→ Problem to solve
Starting with the line that has "Bizizmoda Lüks Tilki" in the records below and stopping after the line that has "Oxford 5 Subject", output every line exactly and nothing else; skip pictures.

→ Material for this task
★ ★ ★ ★ ★

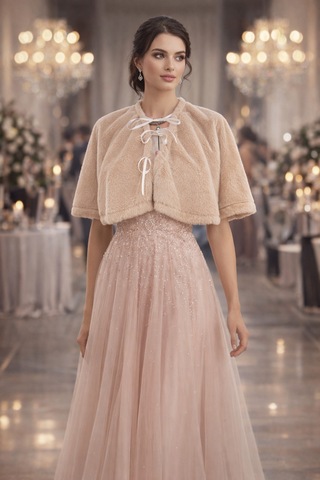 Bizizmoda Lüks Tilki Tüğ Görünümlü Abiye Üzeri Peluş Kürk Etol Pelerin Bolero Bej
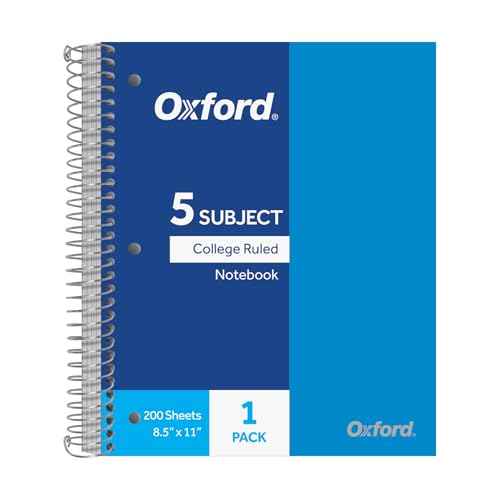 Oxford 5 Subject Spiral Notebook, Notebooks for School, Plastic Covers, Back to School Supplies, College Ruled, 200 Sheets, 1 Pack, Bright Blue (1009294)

★ ★ ★ ★ ★

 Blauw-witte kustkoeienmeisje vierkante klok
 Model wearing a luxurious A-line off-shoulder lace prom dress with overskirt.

★ ★ ★ ★ ★

→ Written response
 Bizizmoda Lüks Tilki Tüğ Görünümlü Abiye Üzeri Peluş Kürk Etol Pelerin Bolero Bej
 Oxford 5 Subject Spiral Notebook, Notebooks for School, Plastic Covers, Back to School Supplies, College Ruled, 200 Sheets, 1 Pack, Bright Blue (1009294)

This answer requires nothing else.